Foi Miguel de Cervantes (se não o primeiro,
certamente o mais conhecido) que “esculhambou” com a figura boçal do herói
virtuoso, dando-lhe um ar patético e sonhador. Iniciando o que passou a se
chamar de literatura moderna, somente
muito tempo depois.
Digo
muito tempo depois porque até a
chegada da desconfiança, do ciúme, da inveja, da dissimulação às letras, foram
quase dois séculos- do bufão Dom
Quixote ao parricida Smerdiakóv.
Como
numa sopa primordial[1],
acontecimentos dramáticos dentro da história humana (como guerras, as grandes
descobertas científicas ou revoluções tecnológicas) sempre levam a algum tipo
de reflexão; criando a condição para a dúvida, a angústia, ou o simples
questionamento pelo lugar do homem no mundo. (O que me leva a pensar, em dias
como os nossos, “Oh, poetas do amanhã, grandes escritores, ergam-se”! O futuro
é aqui!).
O
final do século XIX pareceu viver uma nova espécie de renascimento- E que século de mãos![2]

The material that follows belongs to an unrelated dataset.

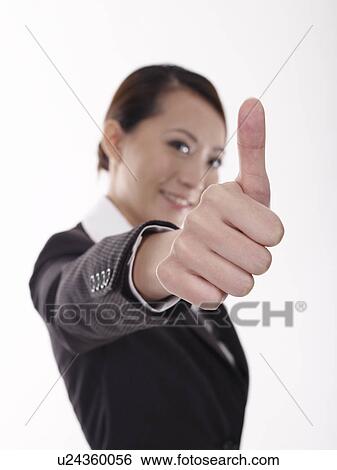 Businesswoman thumbs up View Large Photo Image Stock Photograph - Businesswoman thumbs up. Fotosearch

- Dostoiévsky, Machado de Assis, Eça de Queiroz, Zolá, Strindberg, Stendal
(para ficarmos só aqui...)
Essa
tendência de desmitificação dos valores - desde o realismo - veio se consolidar finalmente nos escritores do
pós-guerra (No caso, nas duas guerras do início do século XX), nos movimentos
europeus de vanguarda e na psicanálise. No entanto, foi curiosamente na “Arte moderna”, e hoje em dia nos
fenômenos de cultura pop, que houve uma inversão no epíteto.
Os
deuses, na antiguidade, se portavam muitas vezes como mortais em suas ações
mundanas. Tinham raiva, inveja. Possuíam diversos amantes. E mesmo assim, nunca
deixavam de serem deuses. Hoje, os
heróis, quando assumem a sua porção humana, são considerados anti-heróis, como o Deadpool ou o Wolverine.
E
ao contar com o termômetro de popularidade desse velho-novo gênero demasiado humano, lotando salas de
cinema, em detrimento de tipos como o do super-homem (aquele modelo de
perfeição que veio lá de outro planeta, inalcançável sobre as alturas... como
sonhava Friedrich Nietzsche...), onde a narrativa de uma trama possa se
iniciar- por exemplo- a partir de um tiro na bunda[3],
muitos já devem estar até por aí dizendo: deus
deve estar mesmo morto.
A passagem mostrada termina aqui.